Finding restaurants in Italy
I'll begin by apologizing to anyone who finds this post lacking in specifics.
I come from an Italian family, was schooled in the USA and have subsequently lived and worked in both countries, as well as many others. I love to eat, as does my wife. We now split our time between Switzerland and the USA but spend at least a month or two in Italy every year just eating.
At the risk of sounding brash, here's some of my thoughts on locating a good spot to eat:
If the menu is in multiple languages, walk.
If there many light skinned tourists in shorts and sandals walk.
If there are plates laden with cream sauce on them, walk.
If the smells don't stir your insides, walk.
Do not ask a non-Italian for advice on an Italian restaurant.

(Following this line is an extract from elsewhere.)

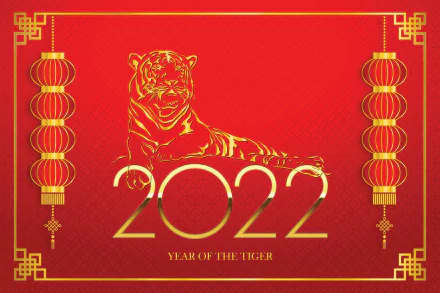 Year of the Tiger holiday Chinese New Year HD Desktop Wallpaper | Background Image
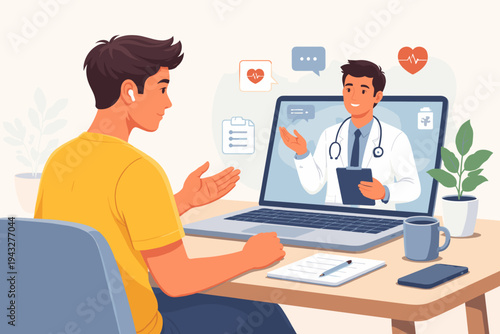 Young Man Having Online Medical Consultation with Male Doctor via Video Call on Laptop, Telemedicine and Digital Healthcare Concept with Medical Icons, Modern Flat Vector Illustration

There's seldom a reference point other than some place in Illinois or another restaurant in Italy they tried during their two week trip.
Ask a local. Not a hotel clerk, a local. English is common and a few words in Italian is all it takes.
Know a bit about the regional cuisine before you eat. There's still pride left in Italian restaurants.
Know what's in season. Important.
Use your eyes and your nose. There is usually outside seating, look before you sit.
We don't make reservations. We've been turned away perhaps twice in well over 3,000 meals. A couple of bad tables, less than a 15 minute wait at most. However, we've walked out of restaurants plenty of times after using our eyes and our noses.
Recognize the best eating in Italy is in the home. Ask the editor of Gambero Rosso, ask any restauranteur, they will all tell you this. So when you see that little place stuck on an off street full of locals and mama running around in her apron, ask yourself if it's time to eat.
If we look back at the thousands of restaurant meals we've eaten in Italy, about a half dozen come to mind. The first was an old house off a country road north of Rome where we walked in and discovered a cafeteria for workers. The proprietors almost fell over in disbelief when three of us walked through the door and asked to eat. Primo, second, desert, table wine, grappa -$14 for all of us. The cooking was superb. A seafood place around Ostia - $21 for three of us. A seafood place in an industrial part of Milan. The rest are split between "famous" restaurants and holes in the wall.
What ere was thought, but n'er said so well.
Excellent list! More people coming here to Italy should memorize it, particularly the first two of the tougher rules.
I would add one rule and slightly amend two others. If there is anything with truffle oil, walk.
With regard to asking locals, it depends on who the locals are. Most locals are looking for familiarity (their family has gone to the same place on Sunday for the last several hundred years) and it is within two kilometers of where they live (everything else is a foreign country). They are looking for quantity and low cost for that quantity. They do not care about wine. I would modify your rule by adding to ask locals... who know something about food and wine.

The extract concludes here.